There is a reason chocolate was anciently referred to as food fit for the gods. Whether you like it benevolently dark, sweet and sour, studded with nuts, milky, or deliciously oozing from your dessert plate… chocolate is one of the top sensory indulgences the world of dessert could offer.
On 7th February, Nairobi Serena Hotel had the pleasure of hosting Pastry Chef extraordinaire, Chef Minette Smith- The Head of Chocolate Academy from South Africa. Chef Minette was in town to bring knowledge in the preparation of amazing desserts using the Callebaut brand of chocolate- the preferred brand globally in the industrial preparation of chocolate items.
Chef Minette conducted a one-day training session, hosting 50 pastry chefs from the top hotel chains in Nairobi-Kenya. The chefs had an opportunity to learn more about the different types of chocolate, creative techniques of coming up with desserts and pastries that would entice sweet-tooth and chocolate lovers alike. She also enhanced their knowledge of how to differentiate quality chocolate from its inferior underlings. This also included its origin and tempering techniques in creating fine desserts and pralines, bonbons for turndowns treats, and novelty items especially refined ideas for the upcoming Easter holidays.
Tempering chocolate means pre-crystallizing the cocoa (the raw material in chocolate) to achieve the smooth texture, luster, and a ‘snap’ when you break off a piece and of course, the taste that distinguishes tempered chocolate from raw chocolate. Minette also emphasized the need to have chocolate hand-tempered, an old-school technique not commonly in practice compared to the most commonly used technique which is a machine often machine-tempered.

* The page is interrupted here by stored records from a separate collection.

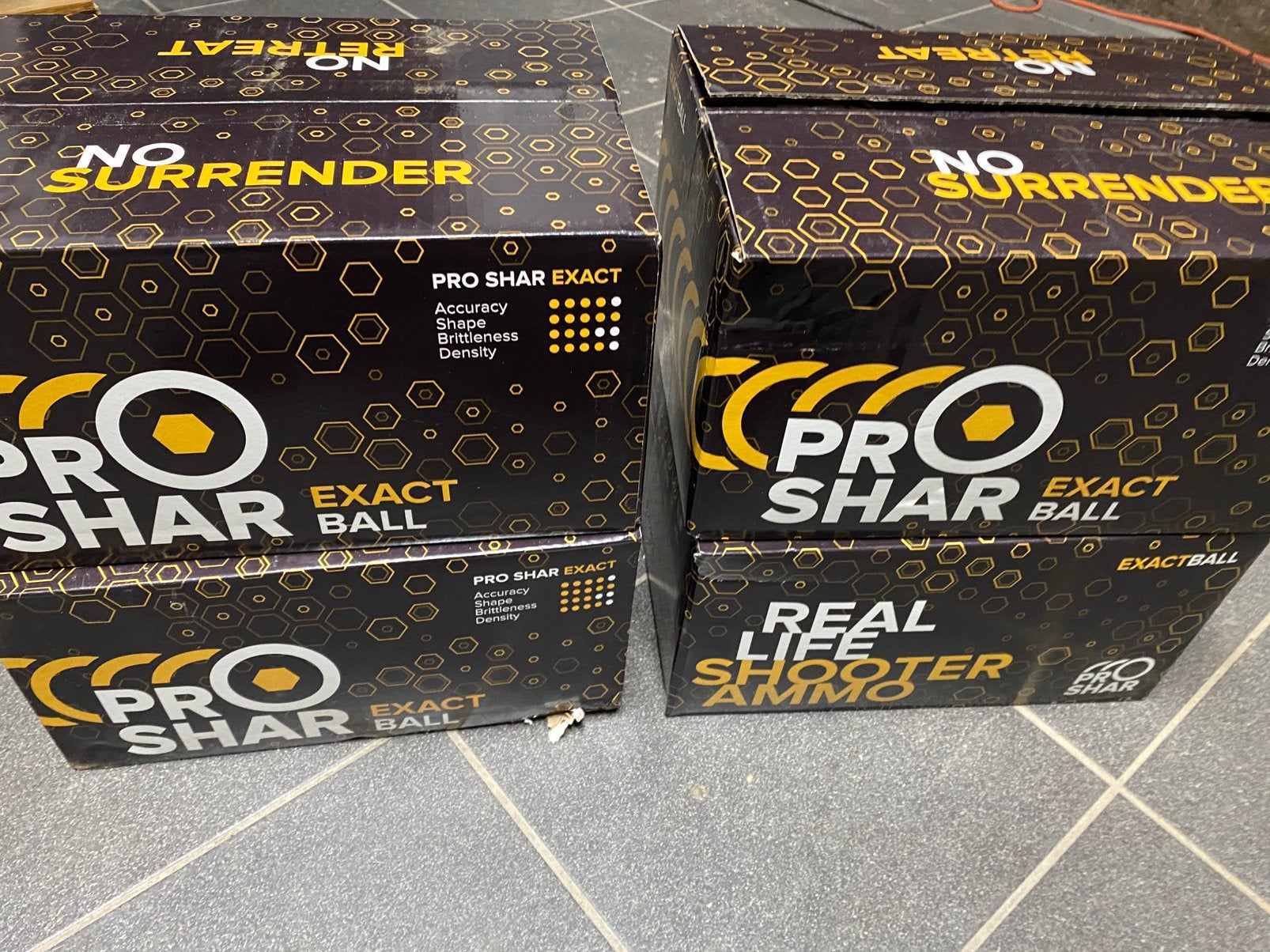 Paintbal kogels, Ophalen, Nieuw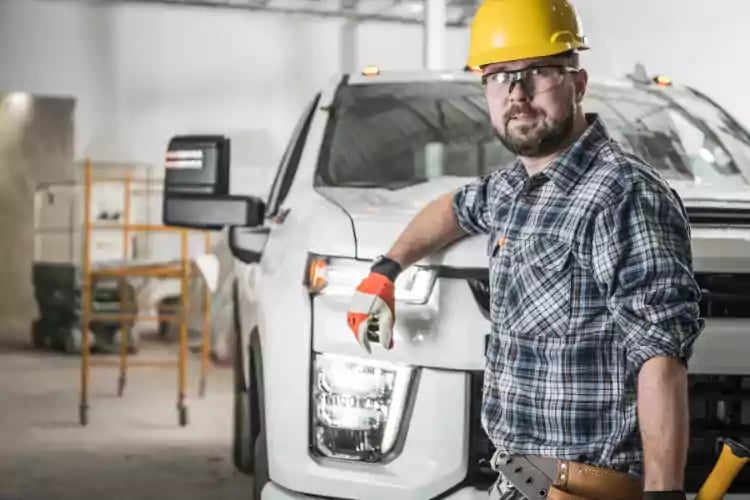 Contrôlez en temps réel le temps passé par vos travailleurs sur un chantier. 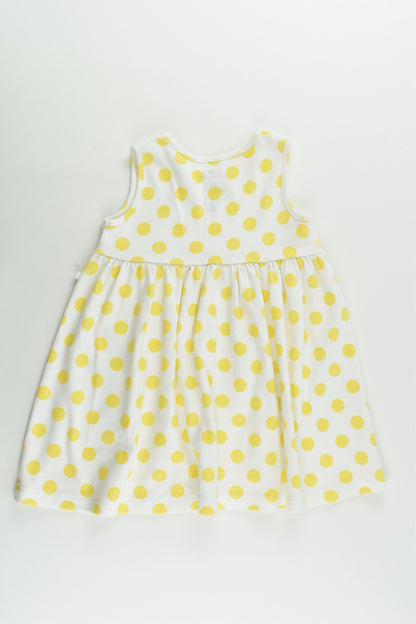 Cottontree Baby Size 1 (80 cm) Polka Dots and Dog Dress
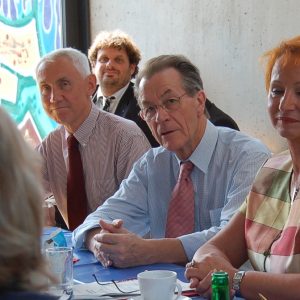 Hans Krings, Guido van den Berg, Franz Müntefering und Gabi Frechen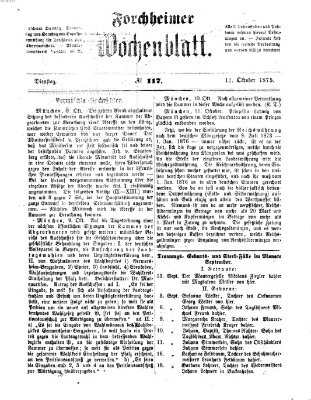 Amtsblatt für die Königlichen Bezirksämter Forchheim und Ebermannstadt sowie für die Königliche Stadt Forchheim Dienstag 12. Oktober 1875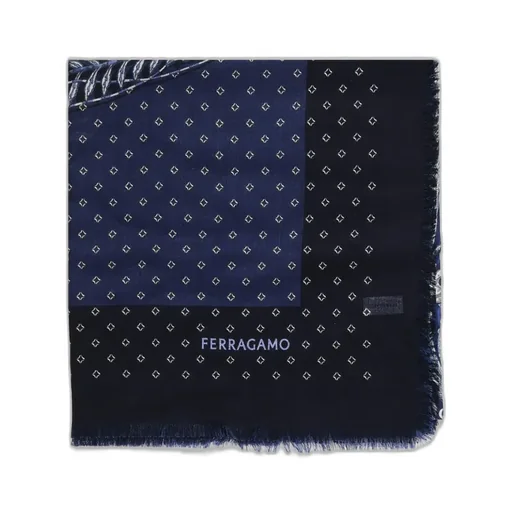 Geometric-Print Scarf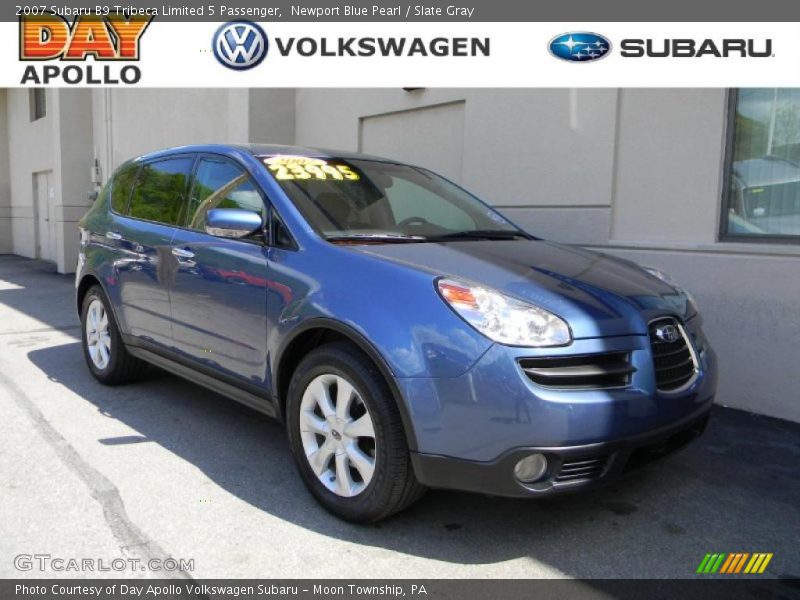 Newport Blue Pearl / Slate Gray 2007 Subaru B9 Tribeca Limited 5 Passenger
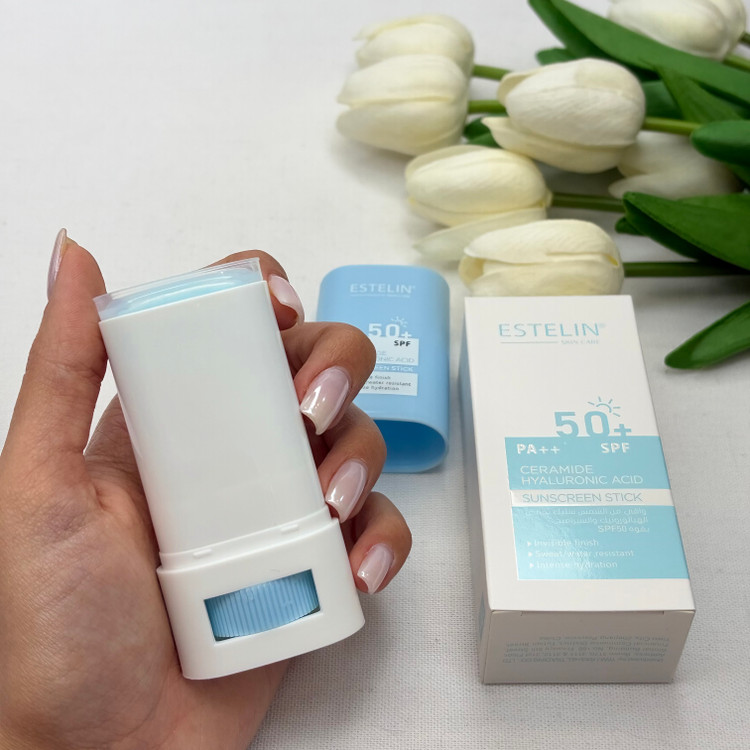 ضد آفتاب استیکی SPF 50 حاوی هیالورونیک اسید و سرامید ۲۰ میلیلیتر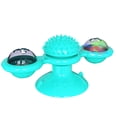 thumbnail image 3 of Pet Windmill Turntable Teasing Toys Turntable Teasing Toys; Scratching Scratching Tickle Toys Suction Cup Rotatable Windwill, Lake Blue, 3 of 9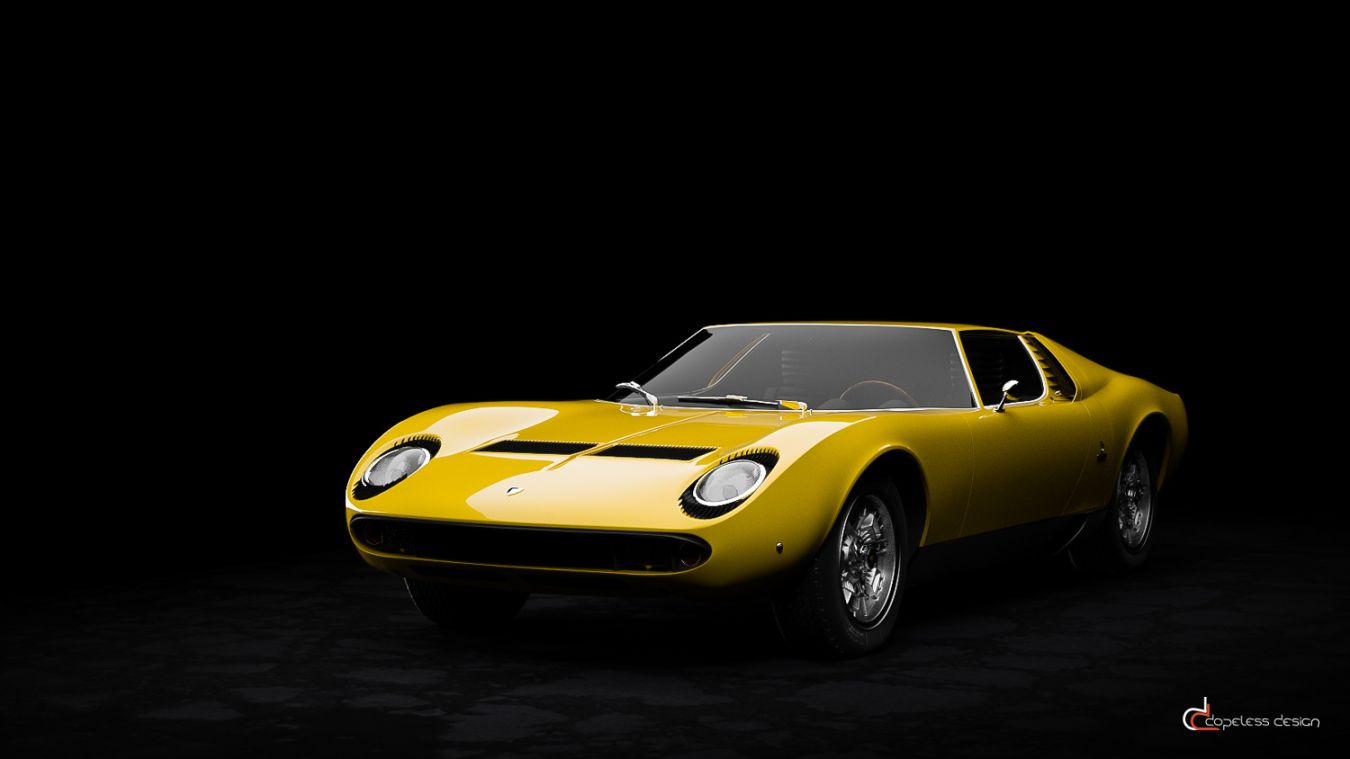 Lamborghini Miura 3D Model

Chef Minette now works for Callebaut Chocolate Academy in South Africa, the only chocolate academy of its kind in Africa part of the 25 academies in different countries across the world. The academies have been set up to empower pastry chefs’ craft in the art of chocolate making.
“Every time I handle chocolate; I learn different techniques of manipulating chocolate. I am always in the quest of learning and extending my knowledge in the academy,” says, Chef Minette Smith.
The Academy hopes to drive innovation as consumption patterns shift towards premium chocolate, more unique designs, colors, and flavors. Headquartered in Zurich Switzerland, Callebaut produces an average of 2.2 million tons of cocoa and chocolate.
Callebaut deals with couverture chocolate which is has a crisp texture and glossy finish. When you break a bar of couverture chocolate it has a snap compared to the compound chocolate which is pliable and makes no sound while breaking. In terms of quality, the two are different even from a taste and price point perspective, couverture chocolate being more expensive because of its ingredient composition i.e. pure cocoa butter. Additionally, it is also considered to be healthier as it known to maintain cholesterol levels in the body and improve heart health.
Couverture is used for quality desserts and cakes, especially in the coating, dipping, and decorating. It is exclusive and made in Belgium from the best raw cocoa material grown in Ivory Coast and Ghana.
Chef Minette left the chefs including the Nairobi Serena Hotel with so much knowledge enough for them to curate new dessert menu for the past Valentine’s Day diners and also look forward to having diners enjoy some Easter treats.